I’ve written extensively about death and faith here and other places. I’ve written about my relationship with both those concepts and how they affect my day to day living. And each time I experience the death of someone close to me, I write again, because those concepts are ever changing in my mind.
We lost my cousin Ray this week. I won’t say much more about it except that he was 34 years old and he was loved and cherished and the world will be less without him in it. I had not seen him since his wedding a few years ago, and even though I keep in contact with his mother, my first cousin, I knew Ray these past few years at a distance.
Thanks to a lovely service, I was able to get to know him all over again, and catch up on what his world has been like since we last talked at his wedding. I listened as everyone who entered that funeral home stopped to tell Ray’s mother about the joy they experienced from knowing him. I got to see Ray as a kind, compassionate, thoughtful person, very much how he was a kid. I got to hear about his musical and artistic talents. I saw the smiles on the faces of his coworkers as they talked about him, I saw the tears fall as they mourned him. I witnessed friend after friend file into the room, supporting each other, reaching out to Ray’s family to tell them how treasured he was.
The priest from Ray’s church spoke endearingly about him. He said he’d only known Ray six months but talked about him like an old friend, told us how Ray had become such an integral part of the church in his short time there. He was loved, and loved fully. And he returned that love in so many ways. I could hear and see all that as I sat with my aunt and cousins listening to stories and anecdotes, hugging, shaking hands, accepting condolences.

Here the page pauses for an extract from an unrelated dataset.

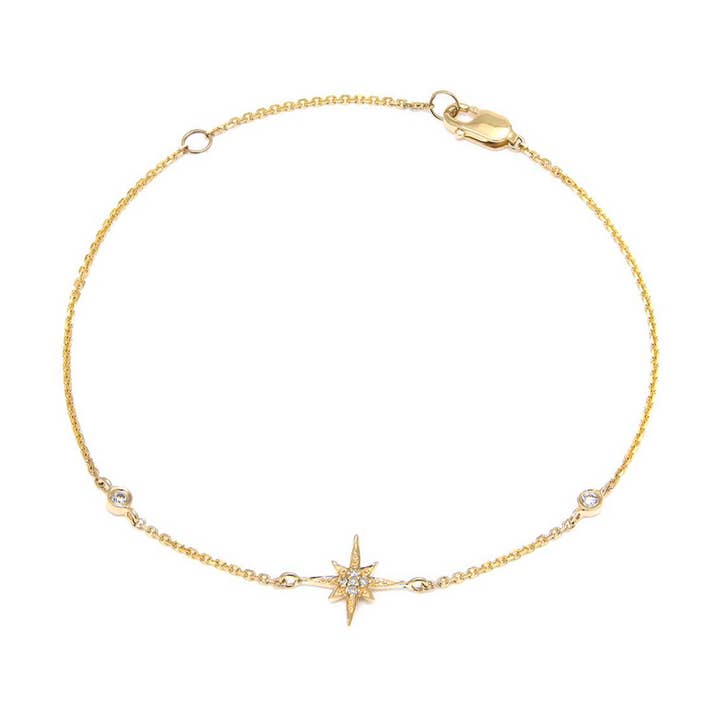 Bracelet étoile à micro pavé de diamants pour la vente par Jane Basch Jewelry Designs
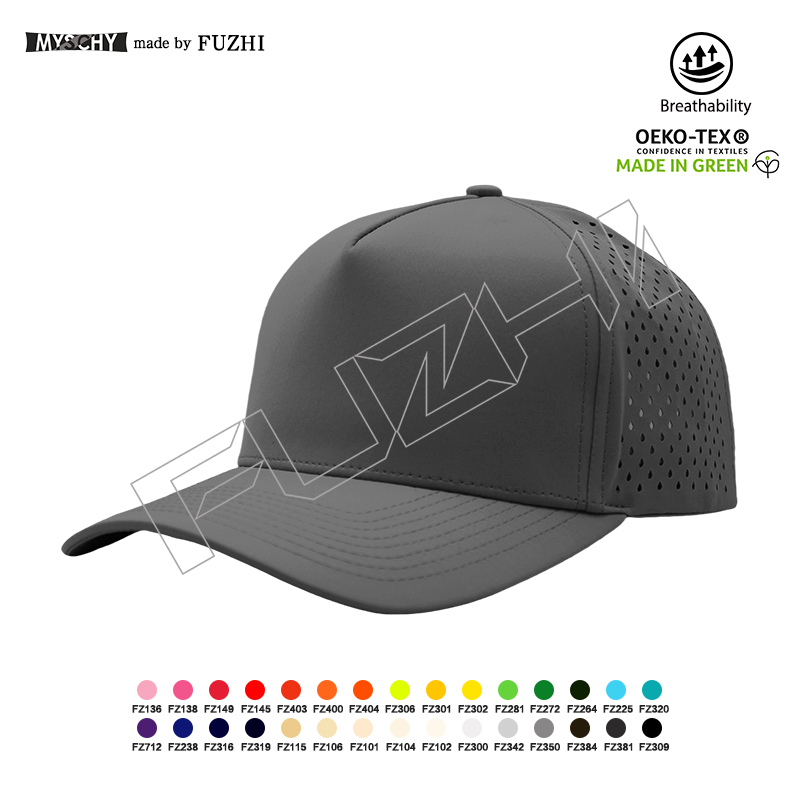 FZSC-1003 5 panel laser holes baseball cap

Wakes and funeral are hard. Any kind of memorial service is hard. But what sustains most people through the trauma of saying goodbye to a loved one is faith. Faith lives them, supports them, carries them through trying times. Their faith in God and an afterlife are the things that keep them going, that comforts them. Faith is a wonderful virtue for those who possess it.
I don’t believe in god but I don’t not believe in god. That’s the most succinct way I can put it. I try to understand it myself on a deep level but it’s hard to make sense of. The idea of a god that oversees us in heaven is absurd to me. But there’s a part of me that won’t let go of the Catholicism I was raised in, that still says what if. What if there is a god? I don’t discount it entirely mostly because I am wrong about most things in life. What do I know? I can’t prove there isn’t a god as much as you can prove there is. So what do I believe? What can I have faith in if I don’t even know what I believe?
I can only think that there has to be something else. There has to be a some kind of closure, at least. There has to be a final feeling of achieving peace. I want to know that when someone in pain dies, they have a moment where all their pain disappears, where they finally grasp that peace they could not find on Earth. I can’t and don’t believe in heaven as this place where we all gather after death in angelic form. That’s not even what I’m looking for. I want a moment. I’ve lived this whole life of stress and anxiety, I’ve seen such turmoil and remained a decent person through it all so let me have that one moment of blissful peace before I start the process of turning into dust.
I no longer believe in karma as I did many years ago. There’s just not a force big enough to be doling out karma points to everyone on Earth. There’s no Excel spreadsheet in the world that would help keep track of all that. I think - I have faith - that when you die all negativity leaves your body and you are left with a pure version of yourself that you experience for a few seconds (that feels like an eternity) before there is nothing. The very last thing you feel is the inner peace you were never able to find in life. That’s where my faith lies; that in the end you get a small reward for living. And then it goes dark. And that’s ok. Because the light you leave for others becomes part of their faith.
I no longer fear death the way I used to. Sometimes I feel like it would be a relief. Sometimes it just feels like a part of life like going food shopping or graduating high school; it’s just a thing you do. But I hope that when I do go, people remember me the way my cousin Ray was remembered, as someone who bestowed light upon the world.
I have some form of faith. I have to. This world would make me break down without it. I hope you have faith, too.
is it love that rebuilds us all?
I love this... "The very last thing you feel is the inner peace you were never able to find in life. That’s where my faith lies; that in the end you get a small reward for living. And then it goes dark. And that’s ok." It's so simple but says so much.
I really enjoyed this post (not about your cousin's death of course--I'm so sorry. Ugh & he was so young.) Thanks for sharing. Also thanks for sharing that song. I am now going to listen to their album! I'd never heard of them. Take care, Michele.